Les arcanes de la publicité sur internet

La suite logique du billet précédent sur le tsunami internet est l'enjeu publicitaire qu'il constitue. Il est très clairement présenté dans un article publié hier qui détaille les arcanes, plus ou moins réjouissantes, de la publicité sur internet :

Martine Valo, “Comment la publicité envahit Internet ,” Le Monde 2 , juin 13, 2008. ici

Pour donner envie de le lire, voici le dernier paragraphe :

Pendant ce temps-là, Jean-Pascal Mathieu, du Lab – une équipe de recherche au sein de Nurun, une grosse agence internationale –, s'efforce d'anticiper les utilisations futures des nouvelles technologies. Ainsi, qu'est-ce que le marketing sera capable de tirer du livre électronique ? Il pourra l'offrir en prime, puisqu'Internet a "la capacité de distribuer sans coût des choses qui ont de la valeur", pour reprendre sa citation qui laisse rêveur. Autre piste de réflexion : si un ami est une personne dont l'avis compte, comment fournir à un consommateur un avantage qu'il pourra lui-même transmettre à un proche ? "Notre capacité d'absorption est atteinte depuis longtemps. Proposer des choses intelligentes est le seul moyen de s'insérer dans le temps de cerveau disponible de chacun", assure le vice-président stratégique. Cet homme-là, comme il le dit lui-même, est un optimiste.

Mais comme par ailleurs, une étape, peut-être décisive, a été franchie avec l'accord Yahoo!-Google dans le feuilleton de la tentative de rachat par Microsoft du premier, la position déjà très dominante de Adwords est encore renforcée. Aussi les sophistications décrites dans l'article pourraient bien se réduire à une seule modalité, simplissime dans sa présentation ultime : l'achat de mots-clé pour positionner des liens sponsorisés.

Sur ce sujet, voir par exemple le billet de Didier Durand :

Google-Yahoo: good for all? not really..., Média & Tech, 13 juin 2008.

dimanche 18 mai 2008

Nouveau et vieux mondes

J’ai participé à une intéressante journée d’études sur l’économie et le droit des moteurs de recherche organisée à la Sorbonne dans le cadre de la Chaire de recherche « Innovation & Régulation des services numériques » (voir ici pour le programme). Je n'entrerai pas dans l'ensemble du contenu, il devrait être accessible sur le site prochainement. Ce fut fort riche et j'y ai beaucoup appris. Je voudrais juste relever une impression générale.

Cette journée a montré de façon éclatante combien l'époque que nous vivons peut se lire comme un choc, une confrontation, entre un nouveau monde qui se cherche, audacieux parfois jusqu'à l'arrogance et l'inconscience, et un vieux monde qui l'observe, sage mais parfois jusqu'à la frilosité et l'aveuglement. Cette confrontation a été illustrée par plusieurs des thèmes développés, par la structure des analyses, et jusque dans les postures, l'habillement, on pourrait dire l'éthologie de la recherche.

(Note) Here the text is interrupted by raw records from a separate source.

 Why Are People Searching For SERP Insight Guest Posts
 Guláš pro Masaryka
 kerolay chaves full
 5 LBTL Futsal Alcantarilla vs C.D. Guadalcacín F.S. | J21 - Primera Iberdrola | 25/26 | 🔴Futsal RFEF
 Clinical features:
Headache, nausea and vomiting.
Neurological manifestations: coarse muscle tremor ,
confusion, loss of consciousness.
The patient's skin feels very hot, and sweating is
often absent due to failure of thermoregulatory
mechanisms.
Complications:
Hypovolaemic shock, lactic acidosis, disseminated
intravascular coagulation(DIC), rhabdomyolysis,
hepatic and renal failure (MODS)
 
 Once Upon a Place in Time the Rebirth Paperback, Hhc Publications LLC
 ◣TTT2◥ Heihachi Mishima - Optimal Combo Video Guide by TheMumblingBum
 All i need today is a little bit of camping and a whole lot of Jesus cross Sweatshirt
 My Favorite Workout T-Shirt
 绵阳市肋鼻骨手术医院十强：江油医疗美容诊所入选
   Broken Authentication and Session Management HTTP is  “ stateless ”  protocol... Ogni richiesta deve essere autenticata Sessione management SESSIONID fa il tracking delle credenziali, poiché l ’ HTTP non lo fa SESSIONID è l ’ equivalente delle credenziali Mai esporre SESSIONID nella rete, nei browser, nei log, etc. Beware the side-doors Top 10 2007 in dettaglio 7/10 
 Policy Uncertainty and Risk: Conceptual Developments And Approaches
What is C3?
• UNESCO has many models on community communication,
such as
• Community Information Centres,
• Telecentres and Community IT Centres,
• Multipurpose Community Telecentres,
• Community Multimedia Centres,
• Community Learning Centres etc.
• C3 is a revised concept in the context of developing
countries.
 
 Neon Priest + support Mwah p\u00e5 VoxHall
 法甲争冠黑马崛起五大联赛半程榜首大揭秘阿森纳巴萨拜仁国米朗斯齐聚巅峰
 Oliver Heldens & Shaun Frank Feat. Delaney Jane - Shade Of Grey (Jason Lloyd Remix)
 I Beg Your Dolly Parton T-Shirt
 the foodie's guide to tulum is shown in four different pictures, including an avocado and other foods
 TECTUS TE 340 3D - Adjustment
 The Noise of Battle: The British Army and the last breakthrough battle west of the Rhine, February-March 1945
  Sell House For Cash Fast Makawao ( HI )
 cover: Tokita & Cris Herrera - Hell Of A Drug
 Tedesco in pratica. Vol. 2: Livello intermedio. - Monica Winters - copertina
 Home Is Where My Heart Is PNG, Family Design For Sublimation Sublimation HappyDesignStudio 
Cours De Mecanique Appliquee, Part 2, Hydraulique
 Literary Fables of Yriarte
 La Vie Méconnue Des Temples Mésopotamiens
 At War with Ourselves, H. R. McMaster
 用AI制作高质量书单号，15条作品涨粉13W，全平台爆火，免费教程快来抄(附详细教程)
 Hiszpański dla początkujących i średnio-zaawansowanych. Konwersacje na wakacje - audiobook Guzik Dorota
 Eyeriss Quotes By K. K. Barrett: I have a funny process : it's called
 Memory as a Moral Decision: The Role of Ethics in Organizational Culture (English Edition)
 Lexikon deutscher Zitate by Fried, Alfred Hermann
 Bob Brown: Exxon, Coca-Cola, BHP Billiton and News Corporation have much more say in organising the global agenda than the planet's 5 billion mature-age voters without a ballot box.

Commençons par cette dernière dimension. Il y eut en effet dans la journée un moment magnifique quand le responsable des affaires juridiques de Google, Peter Fleisher, est intervenu. Je n'ai malheureusement pas le talent littéraire pour une description fidèle et personne n'a filmé la scène. Son propos du jour n’a aucune importance, nous n’avons rien appris. Tout était dans la posture, l’attitude, la sienne d’abord, prenant littéralement le pouvoir et la direction des évènements au détriment du président de séance quelque peu dépassé et muselé. L'attitude de la salle, la nôtre donc, harcelant l’impudent, puis s'indignant une fois qu'il l'eut quittée, était tout aussi révélatrice. On aurait dit l'arrivée d'un jeune mâle dans une vieille horde et Pascal Picq en aurait fait ses délices (wkp).

On se fera une petite idée du choc en comparant le sommet de classissisme de la salle de la Sorbonne où se déroulait la journée avec le portrait du représentant de Google figurant sur la page d'accueil de son blogue (ici, incidemment les vidéos du blogue par contre valent vraiment le visionnement).

flickr-chanzi

Mais au delà de ce folklore dont, j'espère, on me pardonnera la relation impertinente, la confrontation des anciens et des modernes était aussi perceptible dans la différence entre les points de vue juridiques sur les données privées d'un côté et de l'autre de l'Atlantique. D'un côté mon collègue de l'université de Montréal, Pierre Trudel, insistait sur l'autodiscipline, la nécessité de préserver la transparence et la possibilité d'accès aux informations, trop d'encadrement risquant d'être « liberticide ». De l'autre, le représentant français de la CNIL rendait compte de l'avis unanime du groupe de travail des 29 membres de l'Union européenne sur les problèmes posés par la collecte des données privées par les moteurs de recherche.

Opinion on data protection issues related to search engines, 00737/EN WP 148, adopté le 4 Avril 2008. Pdf

Un certain nombre de propositions sont faites dans ce document, dont celle, centrale, d'obliger les moteurs à ne garder pas plus de 6 mois les données privées collectées. La vieille Europe, qui dans son histoire a pu mesurer le danger de l'utilisation par des États totalitaires de listes permettant de classer les personnes, n'a à l'évidence pas eu beaucoup de mal à se mettre d'accord sur ce document de 29 pages. L'Amérique du nord, qui développe des industries fondées sur la traçabilité des comportements, souligne au contraire les déplacements qui s'opèrent dans la notion de vie privée et insiste l'inéluctabilité de la publicisation d'une part plus large de ce qu'on appelle encore aujourd'hui la vie privée et donc sur l'évolution des comportements et des mentalités.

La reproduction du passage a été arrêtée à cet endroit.